Des données prometteuses

Shabir Madhi, vaccinologue à l’Université du Witwatersrand à Johannesburg, en Afrique du Sud, estime que les résultats obtenus au Qatar sont prometteurs. Les niveaux comparativement élevés d’anticorps bloquant le virus déclenchés par deux doses d’un vaccin à ARN expliquent probablement pourquoi celui-ci confère une meilleure protection contre le B.1.351 que d’autres vaccins, tels que celui mis au point par l’université d’Oxford (Royaume-Uni) et la société pharmaceutique AstraZeneca à Cambridge (Royaume-Uni).

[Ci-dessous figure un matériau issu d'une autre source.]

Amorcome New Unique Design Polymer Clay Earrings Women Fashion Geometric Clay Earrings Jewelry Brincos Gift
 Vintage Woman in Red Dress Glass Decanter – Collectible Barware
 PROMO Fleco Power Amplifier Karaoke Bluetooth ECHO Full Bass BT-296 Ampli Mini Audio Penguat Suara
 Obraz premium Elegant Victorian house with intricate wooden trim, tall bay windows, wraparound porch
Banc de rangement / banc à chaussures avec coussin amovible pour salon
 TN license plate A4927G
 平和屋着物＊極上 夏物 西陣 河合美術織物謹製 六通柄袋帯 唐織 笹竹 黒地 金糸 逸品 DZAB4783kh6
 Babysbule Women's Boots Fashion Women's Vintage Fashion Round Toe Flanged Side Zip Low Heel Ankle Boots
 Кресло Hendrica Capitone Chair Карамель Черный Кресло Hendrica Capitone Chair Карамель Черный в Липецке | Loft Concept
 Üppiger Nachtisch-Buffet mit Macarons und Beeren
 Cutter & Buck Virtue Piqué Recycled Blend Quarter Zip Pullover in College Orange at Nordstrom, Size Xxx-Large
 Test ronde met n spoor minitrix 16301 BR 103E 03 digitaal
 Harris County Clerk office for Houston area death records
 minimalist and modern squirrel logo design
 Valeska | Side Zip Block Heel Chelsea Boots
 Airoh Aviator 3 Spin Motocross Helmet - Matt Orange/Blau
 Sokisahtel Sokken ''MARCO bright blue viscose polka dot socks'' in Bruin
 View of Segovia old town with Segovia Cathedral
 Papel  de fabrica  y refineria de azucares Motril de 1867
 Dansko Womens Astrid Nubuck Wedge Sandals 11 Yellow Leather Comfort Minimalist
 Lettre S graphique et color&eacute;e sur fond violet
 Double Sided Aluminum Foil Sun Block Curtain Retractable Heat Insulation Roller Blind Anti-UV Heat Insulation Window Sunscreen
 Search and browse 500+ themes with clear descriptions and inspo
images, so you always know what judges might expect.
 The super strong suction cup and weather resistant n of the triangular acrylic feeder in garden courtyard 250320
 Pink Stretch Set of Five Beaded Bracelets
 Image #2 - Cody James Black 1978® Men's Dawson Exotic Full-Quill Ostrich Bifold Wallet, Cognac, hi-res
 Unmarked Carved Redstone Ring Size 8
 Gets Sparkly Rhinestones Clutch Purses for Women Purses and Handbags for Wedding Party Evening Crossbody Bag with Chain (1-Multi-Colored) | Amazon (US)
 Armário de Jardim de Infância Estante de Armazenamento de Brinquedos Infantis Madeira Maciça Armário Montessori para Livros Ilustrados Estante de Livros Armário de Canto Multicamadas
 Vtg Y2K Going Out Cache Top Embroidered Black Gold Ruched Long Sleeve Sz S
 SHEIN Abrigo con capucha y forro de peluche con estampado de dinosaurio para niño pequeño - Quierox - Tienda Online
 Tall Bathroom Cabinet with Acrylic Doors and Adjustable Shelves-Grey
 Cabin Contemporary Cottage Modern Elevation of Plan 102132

Mais M. Madhi s’attend à ce que d’autres vaccins préviennent également la maladie grave causée par ce variant. Dans une autre étude publiée le 5 mai dans le New England Journal of Medicine, son équipe a indiqué que le vaccin produit par la société de biotechnologie Novavax à Gaithersburg, dans le Maryland, a réduit de 60 % le risque de contracter le COVID-19 chez les participants non séropositifs lors d’un essai sud-africain portant sur plus de 6 000 personnes. Des données non encore publiées montrent que le vaccin a été très efficace contre les cas graves de COVID-19 causés par B.1.351, aucun cas n’ayant été enregistré chez les personnes vaccinées et cinq dans le groupe placebo.

Si l’efficacité du vaccin est plus faible contre la B.1.351, même les programmes de vaccination les plus efficaces dans les pays touchés par ce variant pourraient ne pas réduire les cas dans la même mesure que dans les pays confrontés à des souches moins gênantes, déclare Madhi. « Néanmoins, en protégeant les individus à haut risque, nous pourrions retrouver un mode de vie relativement normal, même si la circulation se poursuit. »

Le Qatar, où plus d’un tiers de la population a reçu au moins une dose de vaccin, pourrait donner un premier aperçu de la manière dont les pires variantes de coronavirus peuvent être contrôlées. Selon Abu-Raddad, il semblerait que le vaccin Pfizer-BioNTech soit également très efficace pour bloquer la transmission du B.1.351. Et après le pic de cas de la variante à la mi-avril, dit-il, « les choses se sont extrêmement bien passées, les chiffres diminuent très, très rapidement ».